Joan Kwon Glass serves as poet laureate for the city of Milford, Connecticut, and as poetry co-editor for West Trestle Review. Her poems have recently been published or are forthcoming in Diode, The Rupture, Rattle, The Hellbore, Pirene’s Fountain, Dialogist, South Florida Poetry Journal, Rust & Moth, Honey Literary, SWWIM, and many others. Joan has been nominated multiple times for the Pushcart Prize and Best of the Net.
This is one powerful and expansive collection, traveling across time and continents. The inheritance of trauma in these poems about a Korean-American family takes shape in very real ways — devastating losses and betrayals, controlled and uncontrolled appetites, silences and the search for language. Glass is able to cut through to the heart of things with her sometimes startlingly direct language and wry humor.
So happy to see that Daughter of Three Gone Kingdoms (Perugia Press, 2024) by Joan Kwon Glass has won the 2025 Paterson Poetry Prize AND the 2025 Eric Hoffer Book Award for Poetry.
I just finished this book as part of my practice of reading one poem each morning to work my way through my piles of poetry books, and I can tell you that there were quite a few mornings when I couldn’t stop after just one poem.
I was all in from the first one, "Bloodline." I'm not sure I've ever read a short poem that holds so much. The last poem, “Armistice,” just floored me. And every poem in between!
Dark and luminous, resonant and richly detailed, this collection’s themes of erasure, persistence, beauty, and survival are so relevant in a time when many of us are thinking about our ancestors—where they came from, how they came to be here and why, how their lives continue to influence ours, what they would think of America today.
But this book is about much more than that. Daughter of Three Gone Kingdoms is elegant and vivid, escapist and immersive, seamlessly traveling through Korea, America, the past, the present, into and out of the spirit realms. You need this book!

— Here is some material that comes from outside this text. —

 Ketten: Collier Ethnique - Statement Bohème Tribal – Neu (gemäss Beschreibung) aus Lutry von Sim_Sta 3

A collection of poems about identity, family, loss, grief, survival. These poems make the reader ache with longing and with sadness. Highly recommended!
from Seoul Station to Daegu Station, 2001: "In the end, they chose to love one another / in spite of the heartache, the disappointments. / I will not understand the miracle of this / until much later in my life."

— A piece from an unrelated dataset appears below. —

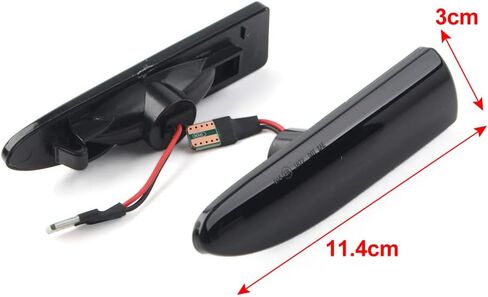 GZYF 1 Pair Dynamic Side Marker Light Turn Signal Lamp For Jaguar X-Type 2002 2003 2004 2005 2006 2007 2008 2009, Transparent in Saudi Arabia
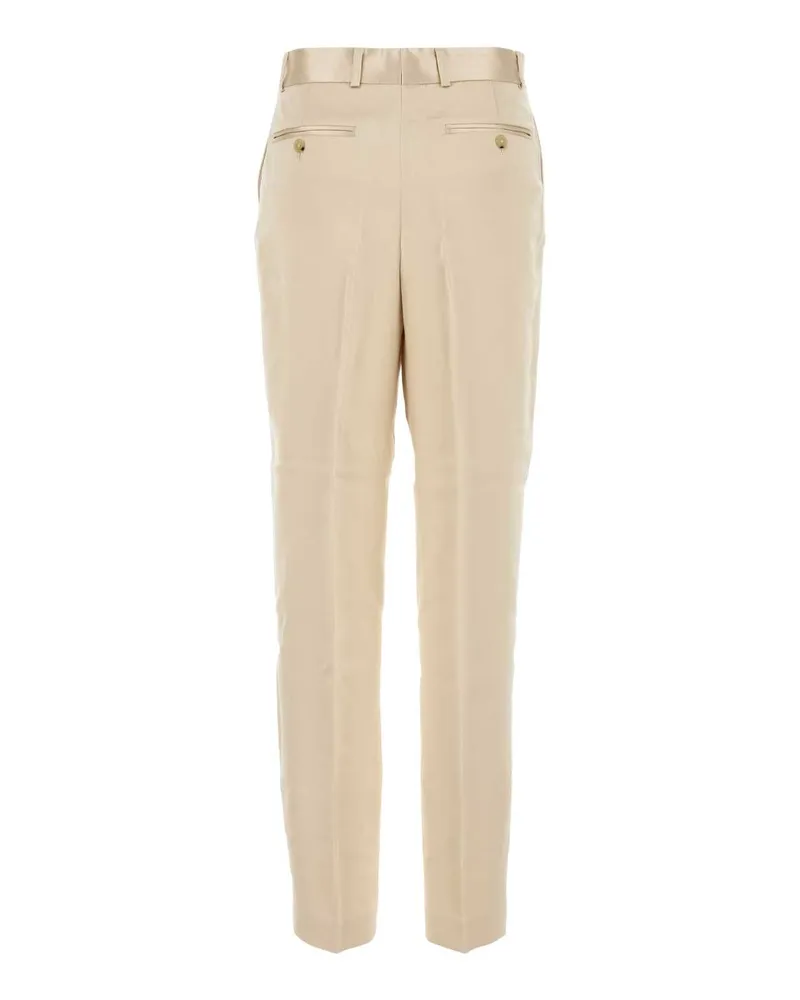 Totême Women's Sand Satin Pant Ecru Exterior: Viscose Pantaloni Trousers Beige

from Garland-Eating Hungry Ghost: "How many calories / are there in a flower? / If I tear a chain of marigolds / into tiny pieces, will I / feel full faster? / Now that I'm dead, / do carbs count / less?"

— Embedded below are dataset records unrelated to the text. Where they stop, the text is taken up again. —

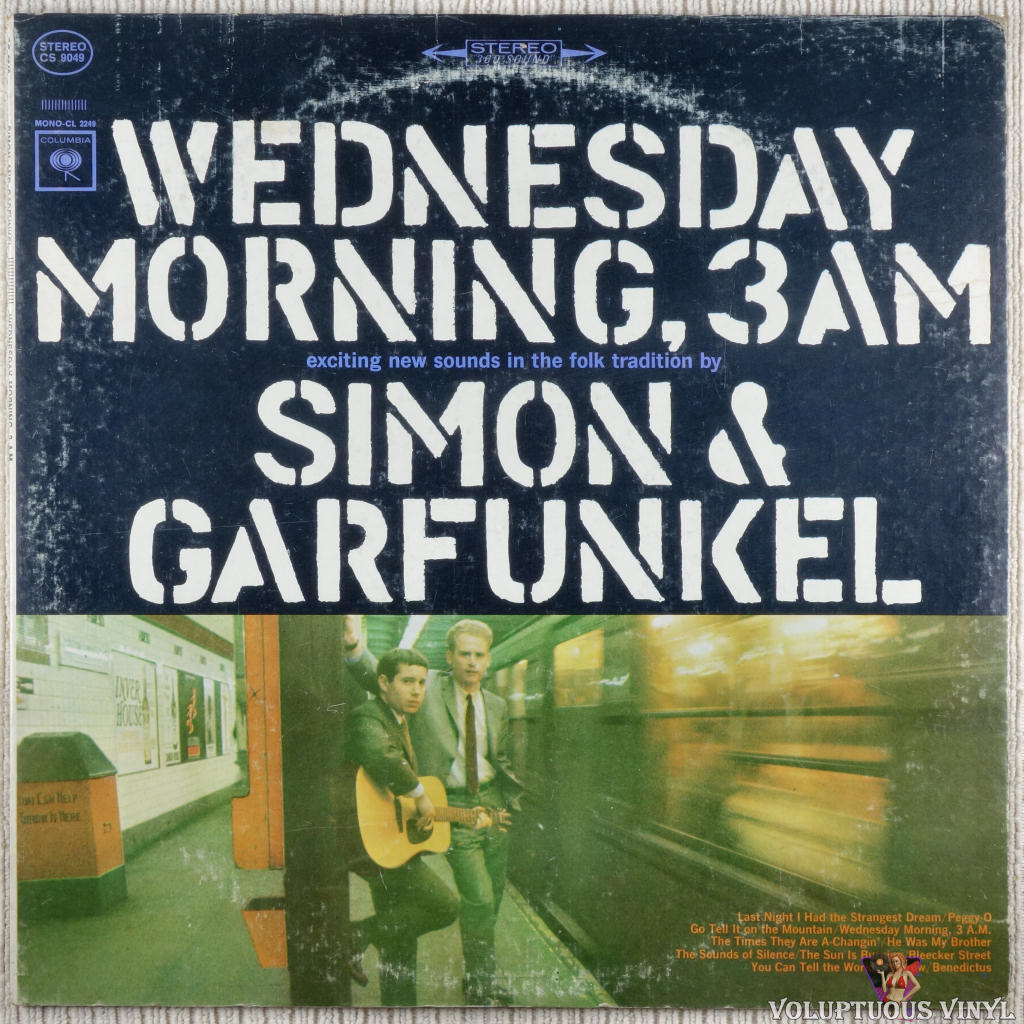 Simon & Garfunkel – Wednesday Morning, 3 A.M. vinyl record front cover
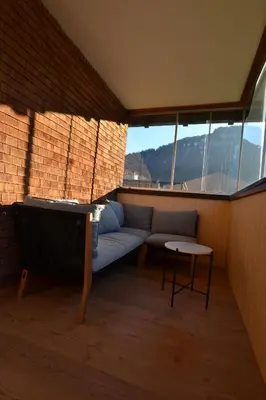 Ein allgemeiner Bergblick oder ein Berglick von der Ferienwohnung aus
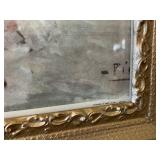 Pablo Picasso Art Print in Antique Frame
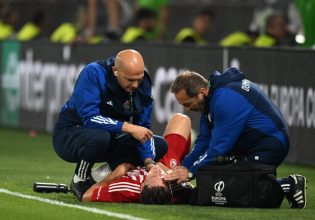 Ο Ρέτσος ζαλιζόταν μετά από σύγκρουση με τον Μπελότι, ωστόσο παρέμεινε στο ματς (vid)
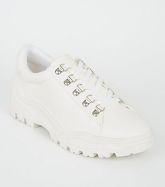 White Leather-Look Chunky Trainers New Look Vegan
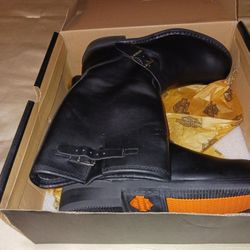 HARLEY DAVIDSON NEW NEVER WORN LEATHER MENS BOOTS 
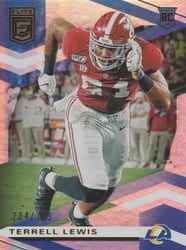 2020 Donruss Elite Base Set Terrell Lewis #171 card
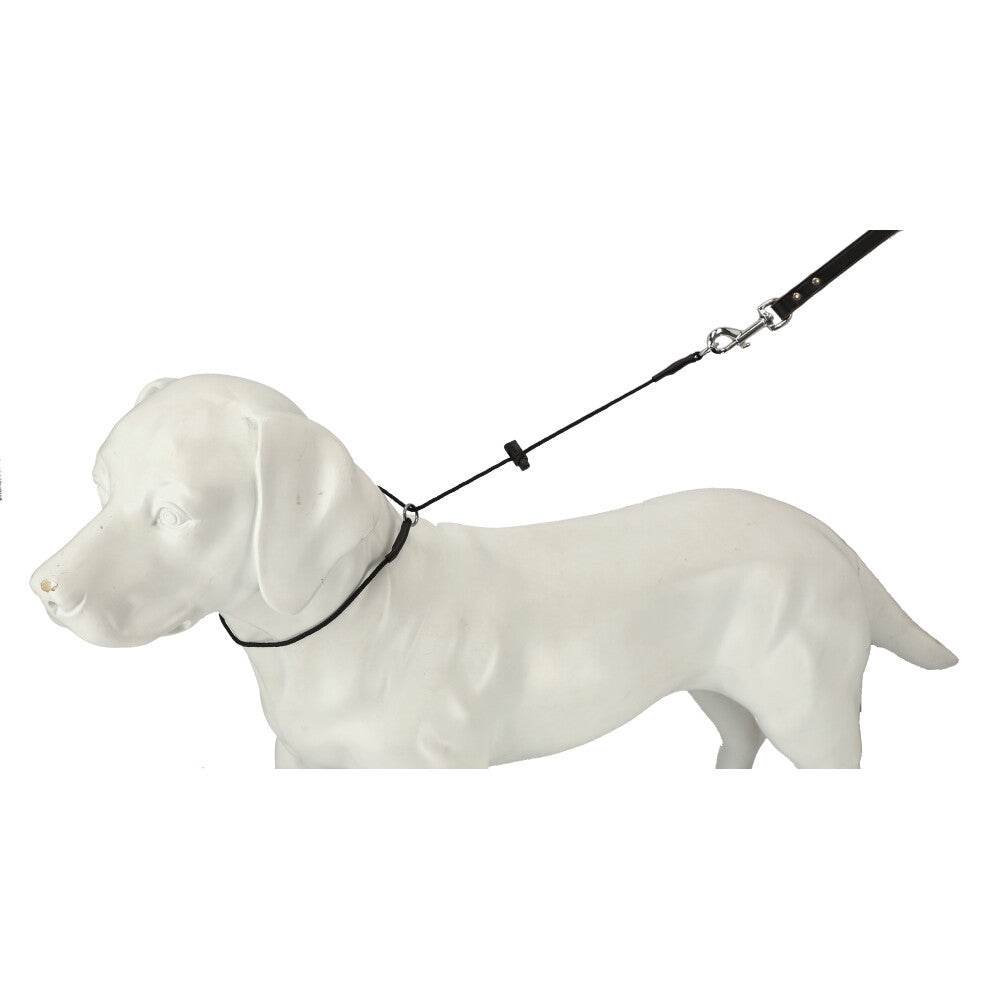 Dingo Gear – Zgardă de dresaj tip strangulare cu cordon din polipropilenă | S–XXXL | Ø 3 mm, culoare neagră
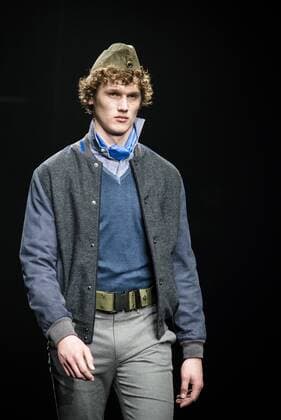 February 2, 2017 - Barcelona, Catalonia, Spain - A model walks the runway at the Torras fashion show presenting the new Kleetopia collection during 080 Barcelona Fashion Week Barcelona Spain - ZUMAo105 20170202_zap_o105_072 Copyright: xMatthiasxOesterlex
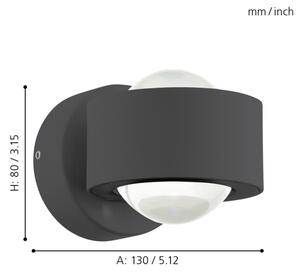 Eglo 96049 - LED Стенна лампа ONO 2 2xLED/2,5W/230V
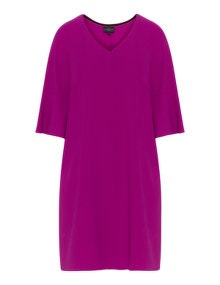 Live Unlimited London Crepe dress  Pink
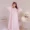 Mới mùa thu của phụ nữ Nhật Bản dễ thương ngọt ngào váy ngủ mỏng mỏng màu dài tay áo dài trùm đầu phụ nữ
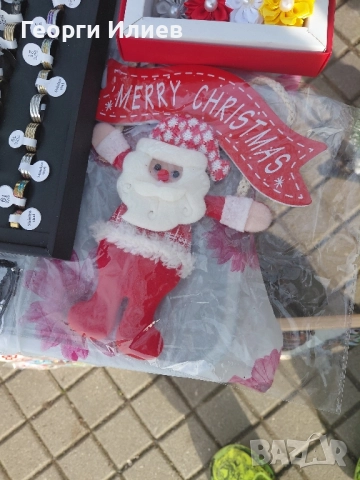 коледна украса и ръчно изработени гривни, снимка 11 - Декорация за дома - 52635795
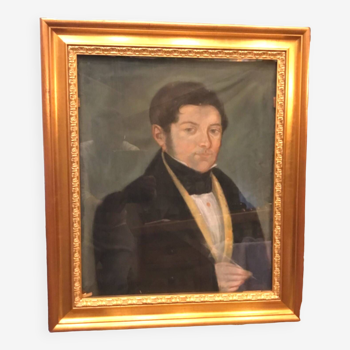 19th century French school.portrait of notable.pastel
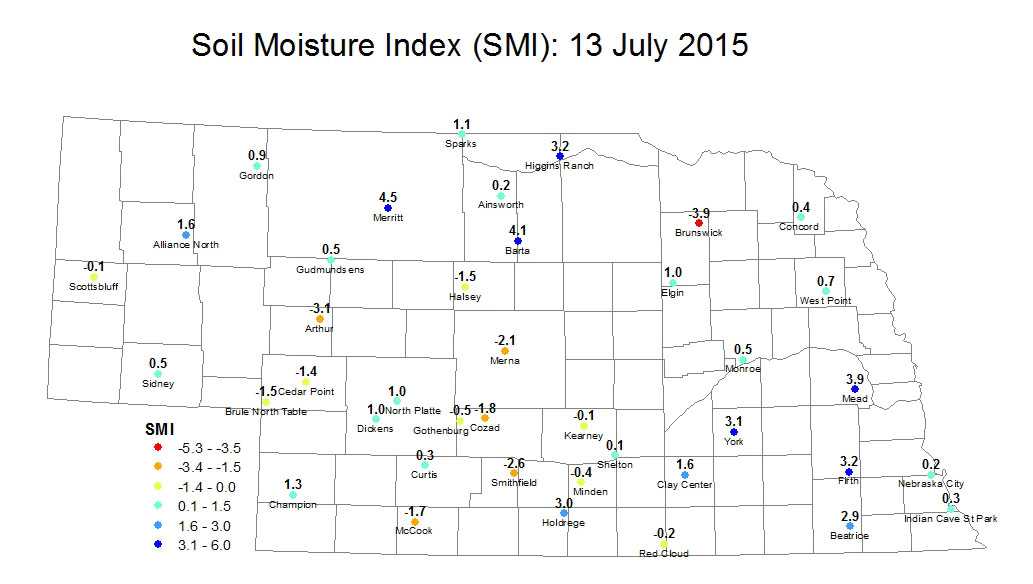 Soil moisture index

from Foodless Hungry Ghost: "In my next life, I'm coming back / as a houseplant. Something ordinary, / that won't expect more / than the bare minimum. / Something easy to keep alive / in poor conditions."
Daughter of Three Gone Kingdoms is a collection marked by time & hunger. In it, histories merge & weave & overlap, some ending before their time while others ponder the time they have. I appreciate the honesty and vulnerability of this collection, its conformability with frustration. When surrounded by ghosts, what do we do with God? In a loved one's absence, what do we fill ourselves with? What do we do with our history? What happens next?